# Assignment
Please, without any pictures, set down exactly the part of the listing below that opens with the line containing "Heather Grey our" and closes with the line containing "Abstract blue soundwave".

# Extracted records
※

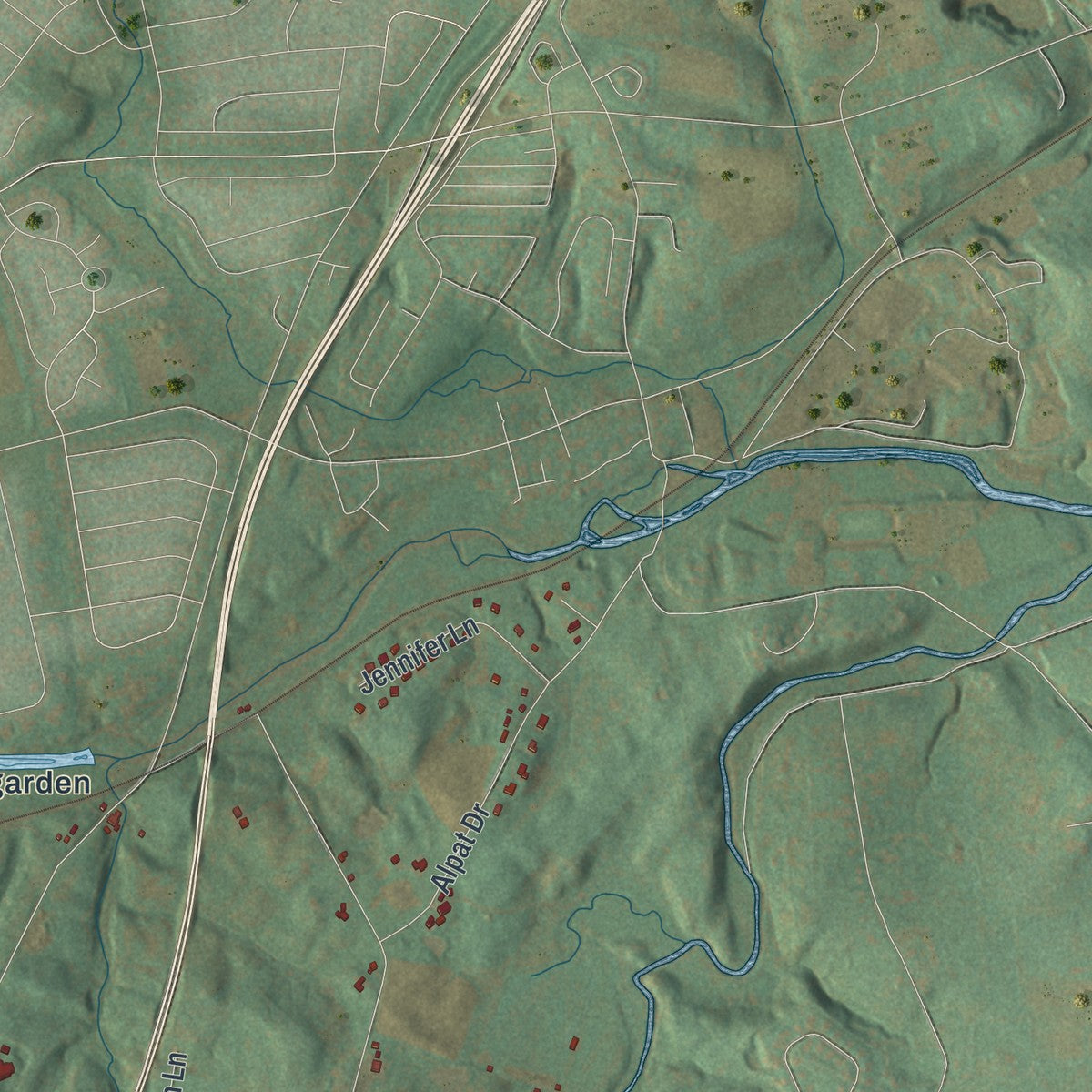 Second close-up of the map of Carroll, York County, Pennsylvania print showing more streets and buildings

※

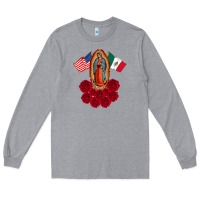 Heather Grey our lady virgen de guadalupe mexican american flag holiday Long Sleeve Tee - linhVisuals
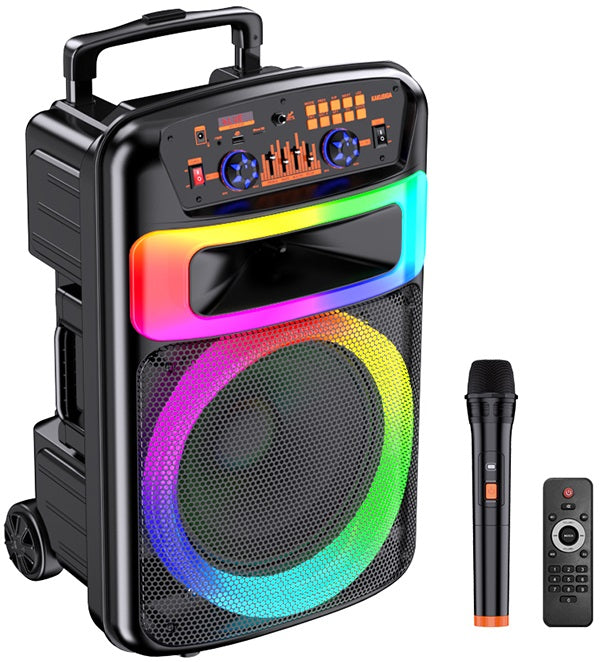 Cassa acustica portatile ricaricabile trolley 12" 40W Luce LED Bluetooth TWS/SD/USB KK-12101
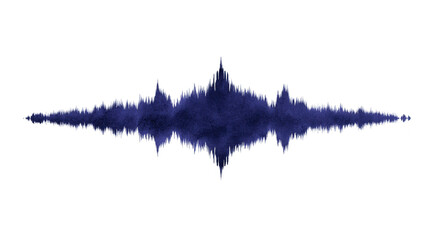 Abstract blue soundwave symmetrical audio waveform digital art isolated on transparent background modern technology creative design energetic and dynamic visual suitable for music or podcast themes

※

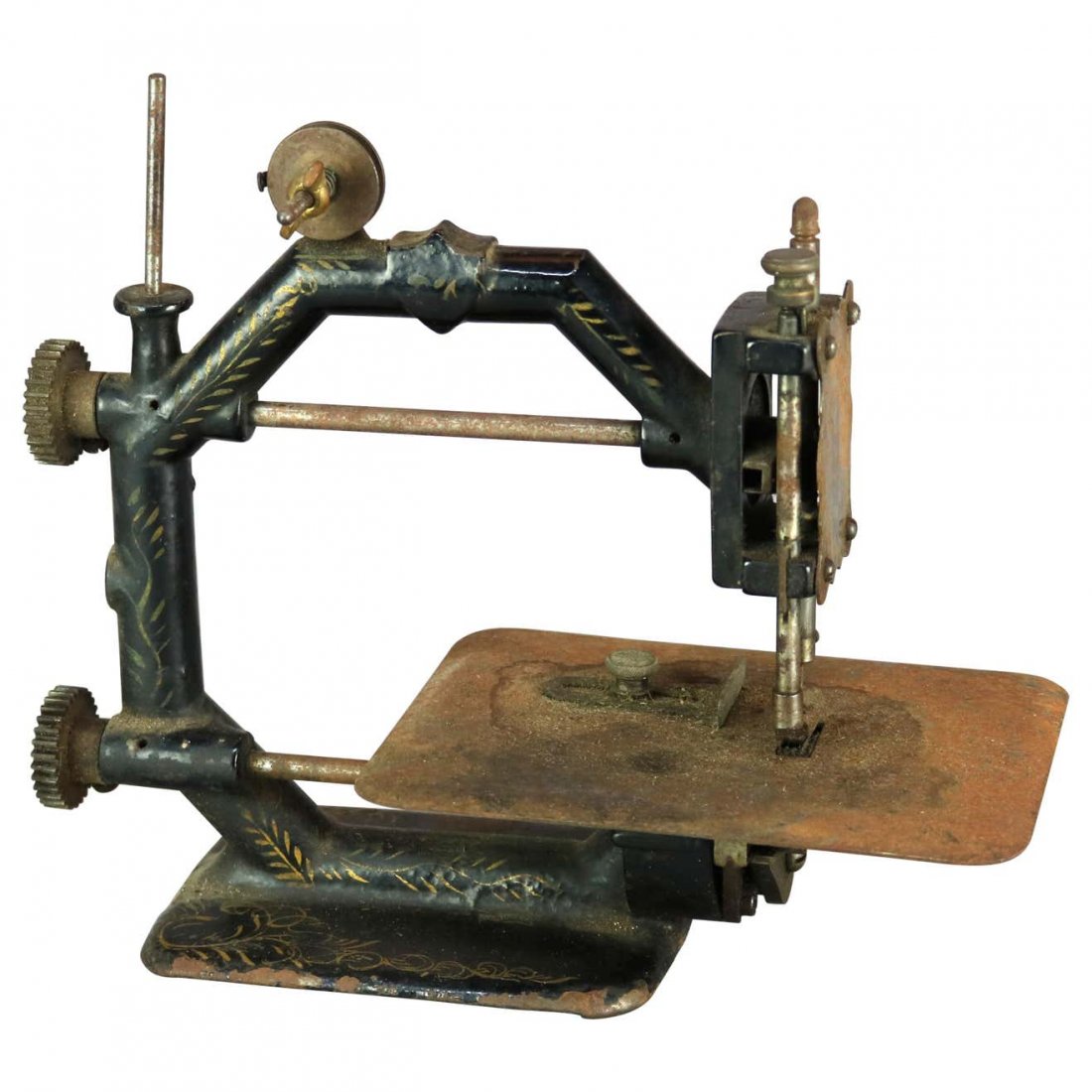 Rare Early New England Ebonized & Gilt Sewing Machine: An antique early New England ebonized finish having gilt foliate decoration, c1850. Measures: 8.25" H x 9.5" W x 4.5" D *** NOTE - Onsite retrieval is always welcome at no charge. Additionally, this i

※

# Reply
 Heather Grey our lady virgen de guadalupe mexican american flag holiday Long Sleeve Tee - linhVisuals
 Cassa acustica portatile ricaricabile trolley 12" 40W Luce LED Bluetooth TWS/SD/USB KK-12101
 Abstract blue soundwave symmetrical audio waveform digital art isolated on transparent background modern technology creative design energetic and dynamic visual suitable for music or podcast themes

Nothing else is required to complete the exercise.